The first school in B.C. surrounded by sky-scrapers is flush between a high-rise condo (the Firenze Tower, which is home to two students) and Expo Boulevard across from Rogers Arena (where one student’s father, until recently, wore a Canucks jersey). There is no conventional playing field, but in typical urban fashion, the school’s rooftop serves as outdoor space with benches, planters, trees and even a stage, all open to the elements and views of the port, the North Shore and adult interactions in Andy Livingston Park.
“The school grounds end at the sidewalk,” said principal Bruce Murton, a veteran administrator with a sense of humour that plays well with his young charges, especially the tweens. The lack of outdoor space presents a few uniquely downtown problems, but many the school has been built to address.
“In Vancouver, this hasn’t been seen before, but because real estate is so expensive, you have to go up and not out. So, the prototypical 10-acre site that has a grass or gravel field is too expensive to do,” he told the Courier during a private tour of the gleaming, attractive school.

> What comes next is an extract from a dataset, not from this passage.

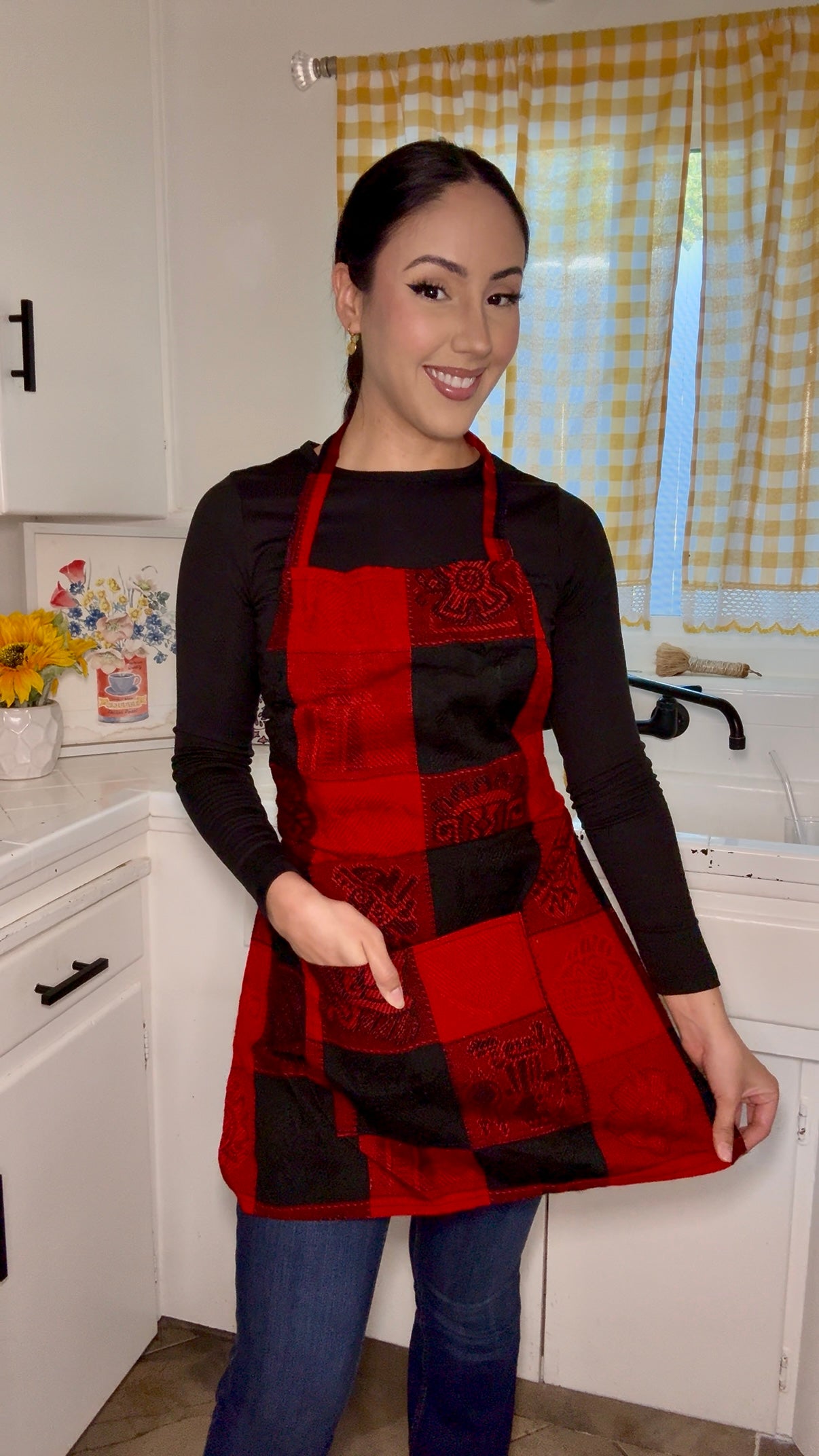 Red and Black pattern Apron π€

The playground is on city land, where the park board is putting the finishing touches on a park that includes a xylophone structure, a drum and a climbing rig that doubles as a sun dial.
This public space brings more serious issues, too. School staff does regular sweeps for needles through the day, just like at other nearby schools, including Strathcona elementary.
“This is a high-traffic area and it’s quasi inner-city, so you get sex, drugs and hip hop. You get needles, but at the same time we have a beautiful new facility and gym,” said Murton, who noted the sweeps are not onerous. “It’s about safety.”
The school opened to 80 students in kindergarten and grades 1 and 2 on March 27. Built for 507 learners, the school will open to students in all grades next September.
The Vancouver School Board contributed $3.5 million to the $19.7-million project, and the city chipped in $760,000 to build a second multi-purpose room for day care and community rentals.